Ukraine is a country so disconnected from Indonesia, by both geography and culture. However, it happens to be very close to me.


My adoptive mother was born in Mildura, Victoria, Australia. Her parents were Ukrainian immigrants who moved to Australia to create a whole new life from scratch after surviving World War 2. They moved to Geelong not long after. She grew up in Geelong where there was an active Ukrainian community. Mum even went to a Ukrainian primary school.


My mother (middle), with her mother Alexandra (left) and older brother Victor (right)

My auntie Nina managed to interview my grandmother years before she passed away. She compiled her answers in a Word document and I learnt so many things about my grandmother in just one file. I've always known my grandmother as Alexandra, however when she was born, she was named Sania, but nicknamed Shura.


Growing up under the Soviet Union was hard to say the least. Her own father died of famine at the age of 22 during the Great Depression. She was also sent to a forced labour camp in Siberia.


Eventually, Germany invaded and forced many Ukrainians to hop into a train to become low-paid or even unpaid workers in Germany (at gunpoint). My grandmother here changed her name to Alexandra to make herself sound more acceptable to the Germans. She worked in an arms factory, manufacturing bullets in Bad-Tolz, Germany, and she was also a slave under a high-ranked Nazi officer, where she was also treated like utter crap (surprise, surprise). Being Ukrainian also meant you worthed less as a human being. Just like the Jews, they also had a special badge.


The war ended but my grandma and her siblings stayed in Germany. She worked in a farm, milking the cows. Until one day she was introduced to a Ukrainian man by the name of Mykola (Ukrainian for Nikolai). Not long after being introduced, they decided to marry and they chose to move to Australia (the other choice was Canada).


I couldn't imagine a life like that. She escaped bombs while crossing the Danube on foot. The grandmother who I've always remembered as this old woman who had a smile on her face, gardening, putting her laundry up on the line, with her pomeranian dog, Mishka... had such an awful life. I never knew any of that and I wish I could have asked her more things when she was alive.


Little is known about my grandfather, Mykola. But I've always remembered my mother saying "Grandpa made our house from scratch". But it was never clear if he was the architect of the house, or he actually built it.

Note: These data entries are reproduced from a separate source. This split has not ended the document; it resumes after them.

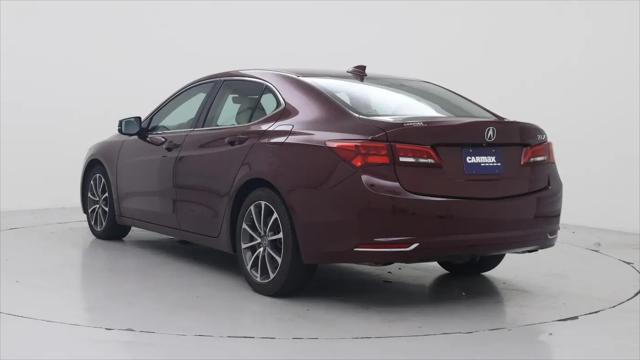 2015 Acura TLX V6 Tech
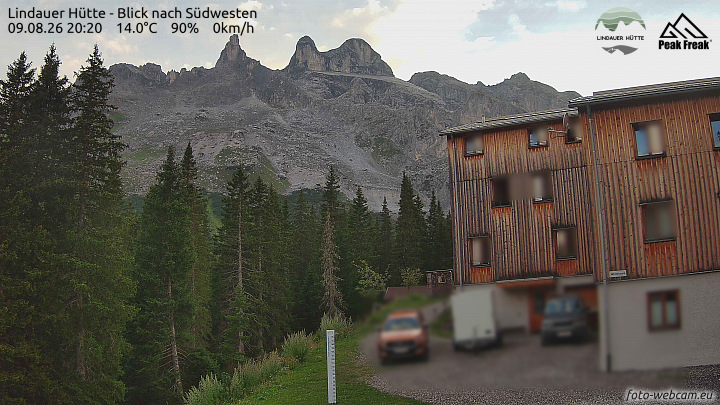 Tschagguns | Lindauer Hütte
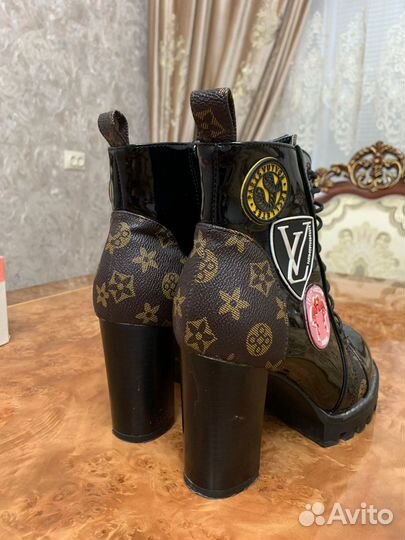 Ботильоны Louis Vuitton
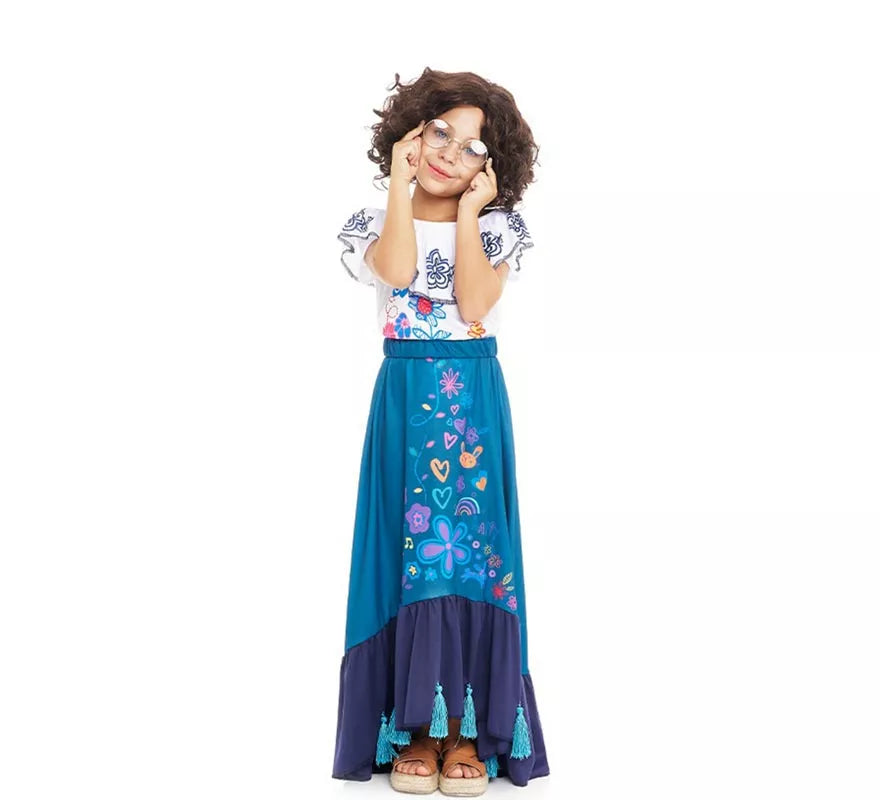 Translation missing: es.Disfraz de Colombiana tradicional para niña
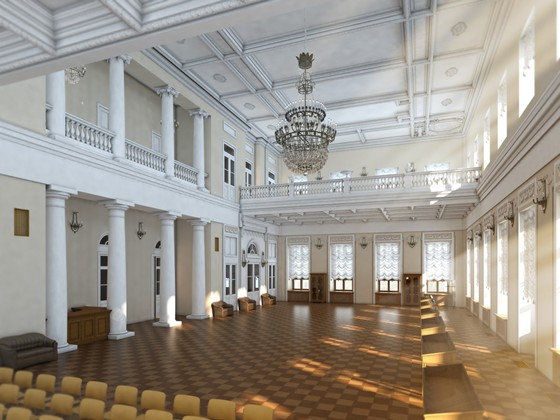 Интерьеры / Interiors: Библиотека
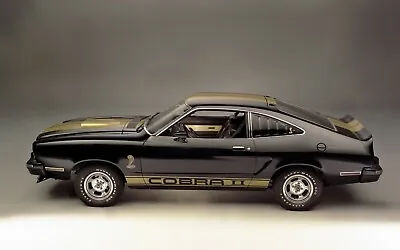 1976 FORD MUSTANG COBRA II POSTER | 24X36 Inch  • $23.99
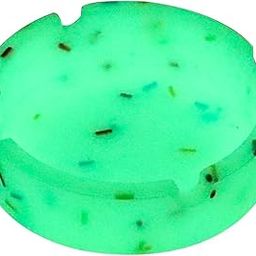 HASTHIP® Glow-in-the-dark Silicone Ash Tray Confetti Embellishment Ash Tray 3.27 Inch-picture-32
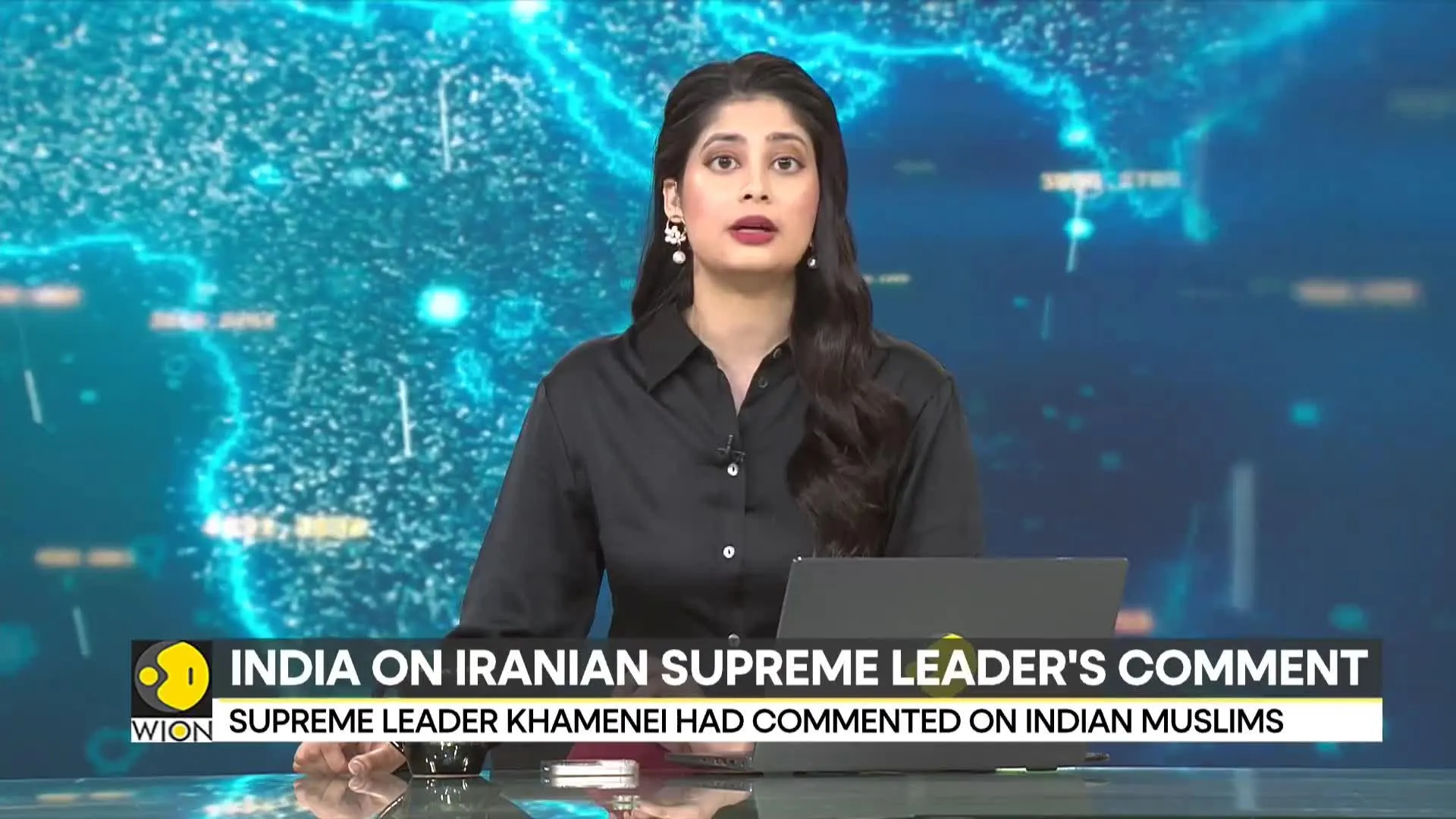 Iran's Supreme Leader Khamenei comments on Indian Muslims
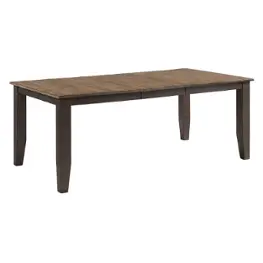 Be-ta-4278-bwa-c Intercon Furniture Beacon Dining Room Furniture Dining Table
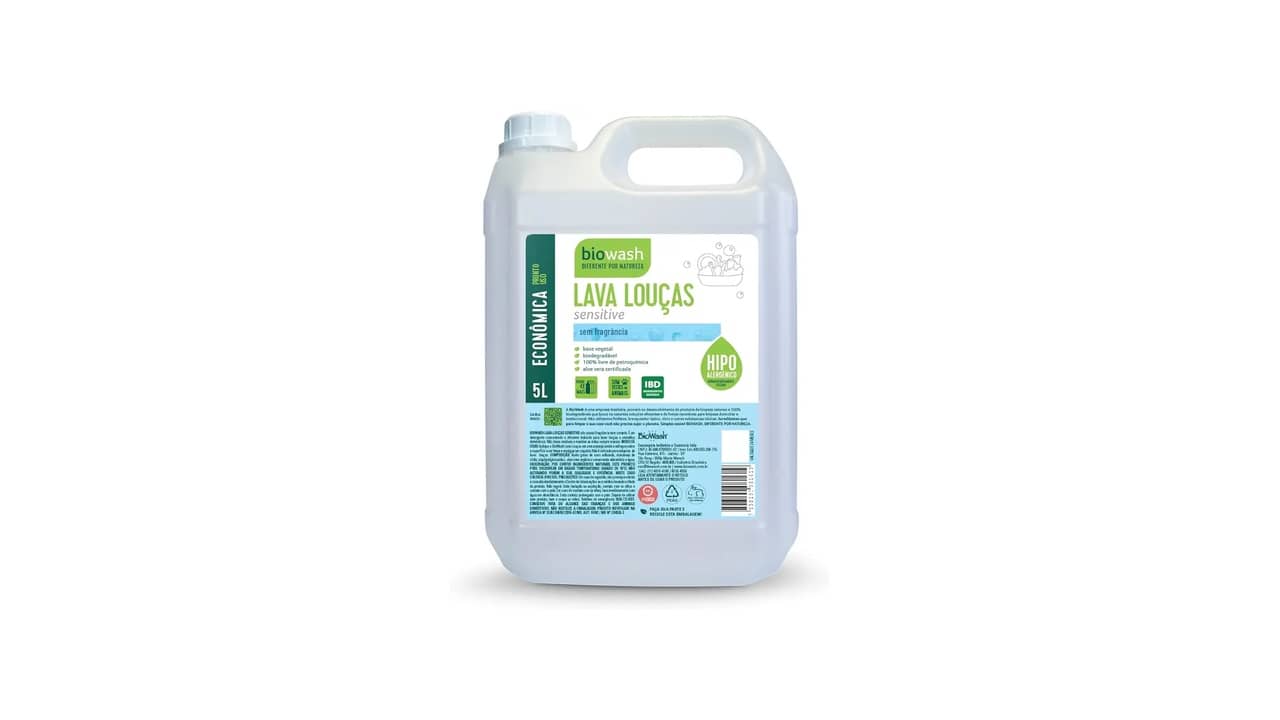 Melhor Detergente para Alergia: Opções Suaves e Eficazes!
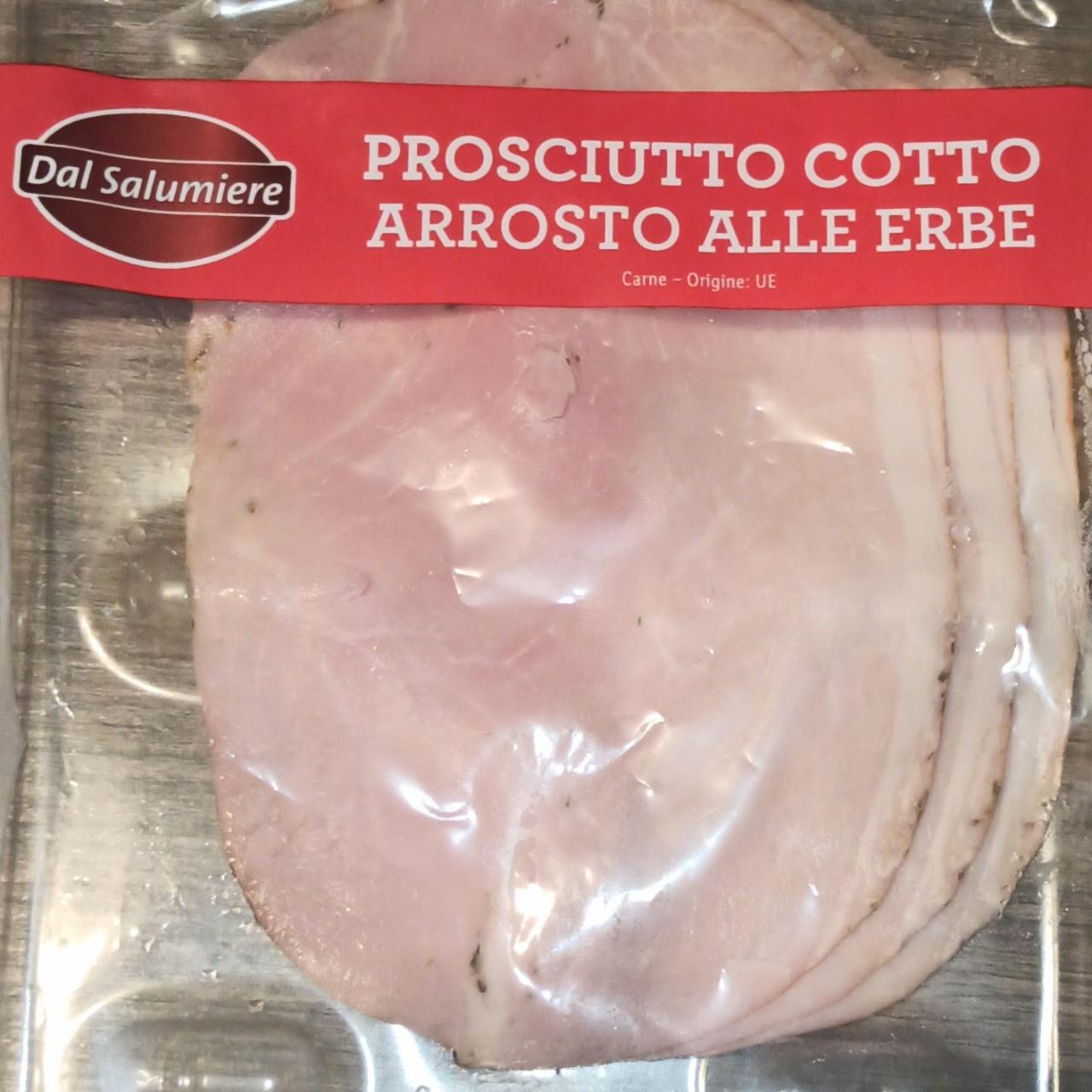 Zdjęcia - Prosciutto cotto arrosto alle erbe Dal Salumiere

My grandpa and I in my grandparents' dining room, Geelong, Victoria, Australia.

My grandpa spoke basic English, but it was enough for me to have a conversation with him. I could tell he adored me, even if he didn't say much. One of the most memorable thing he ever said to me was "One day I want to get a kitten with your skin colour, it's beautiful". Towards the end of his life, he had dementia and would wake up in the middle of the night and panic, thinking that "the Nazis are after us".


The trauma of World War 2 lasted for both my grandma and grandpa's entire lives. When grandma visited me in Jakarta, I took her to a local shopping mall, and as we walked pass a gaming centre, one game made a siren noise which reminded my grandma of the siren she used to hear when the Nazis were coming. She flipped out.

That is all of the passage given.